As trocas de experiências são as que formam os afetos reais. Dentro de amizades há um compartilhamento de experiências que tecem sentimentos. Esses geram intimidade, confiança e uma porção de outras sensações. O problema é que muitas vezes essa via é traçada de forma única. Você se doa, se entrega e outro resiste, puxa os holofotes apenas para suas narrativas, te procura em troca de algo. Se mostra presente quando precisa de algo. Uma espécie de narcisismo muitas vezes camuflado que cria sentimentos estranhos dentro da gente. Passei a vida inteira dentro dessas relações por insistir por muito tempo que precisa ter um amigo seja como for. Com isso, acabei me despersonalizando para poder caber no mundo do outro. Me deixar de lado para suprir expectativas alheias, fez eu esquecer de quem eu era.

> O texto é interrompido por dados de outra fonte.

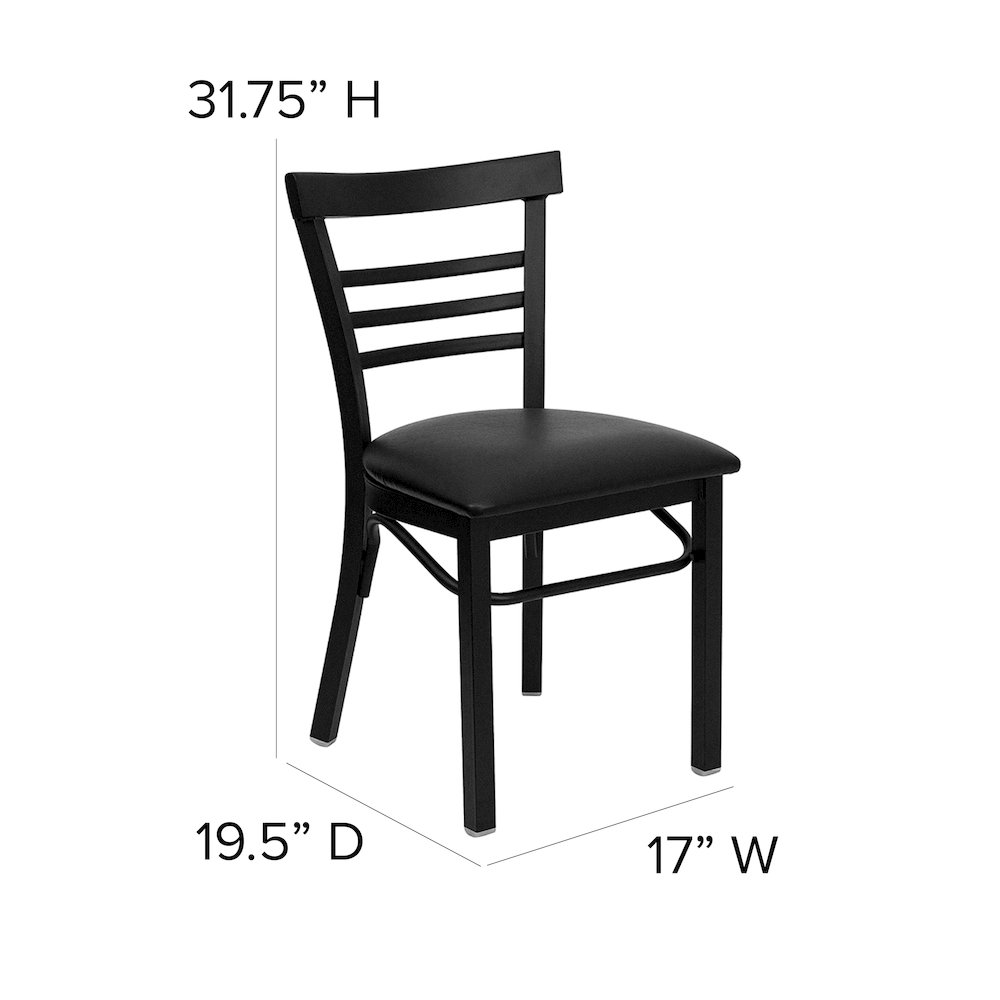 Black Three-Slat Ladder Back Metal Restaurant Chair - Black Vinyl Seat. Picture 5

Está na hora de abandonar velhos hábitos, Por mais dolorido que seja romper, preciso deixar ir embora tudo o que atrasa a minha alma e deixa acinzentado o meu mundo interno. A virada de chave para que isso pudesse transcorrer agora, foi o desastre que assolou o Rio Grande do Sul. Ao voltar para casa fui tomada de impulsos frenéticos de desapegar de tudo que não fazia mais sentido. Ao traçar novos destinos para as materialidades já não úteis, comecei a refletir que era hora de me despedir de algumas pessoas. Muitas delas já não existem no meu dia, mas insistem em morar no meu mudo interno. Fico remoendo relacionamentos que não deram certo, muitas vezes em processos de culpa e rancor. Fico pensando como pude me deixar levar, acreditar mais uma vez e me deixar ferir. Romper com esses processos pode ser que abra espaço para elaborar o passado a fim de inaugurar novos espaços para a chegada de novas pessoas, caso eu me sinta confortável. Já que confiar ao longo do tempo se tornou um problema, foram tantos corações partidos. Alguns eu parti, outros partiram o meu. Seja como for, relacionar sempre se torna uma pauta delicada, mas talvez seja a hora de cultivar os vínculos que restaram.
Preciso continuar a prática de desapegar de tudo que aciona minhas versões cruéis e mesquinhos. Assim como criar estratégias de desapegar das ciladas de vincular com quem não corresponde. Investir em desapegos será a minha nova fase, espero que ela perdure por bastante tempo. Ainda há muitos lugares para visitar a fim de fazer uma faxina e talvez reciclar algo. Agora preciso ir, há caixas de papelão por todo o corredor, hora de desapegar.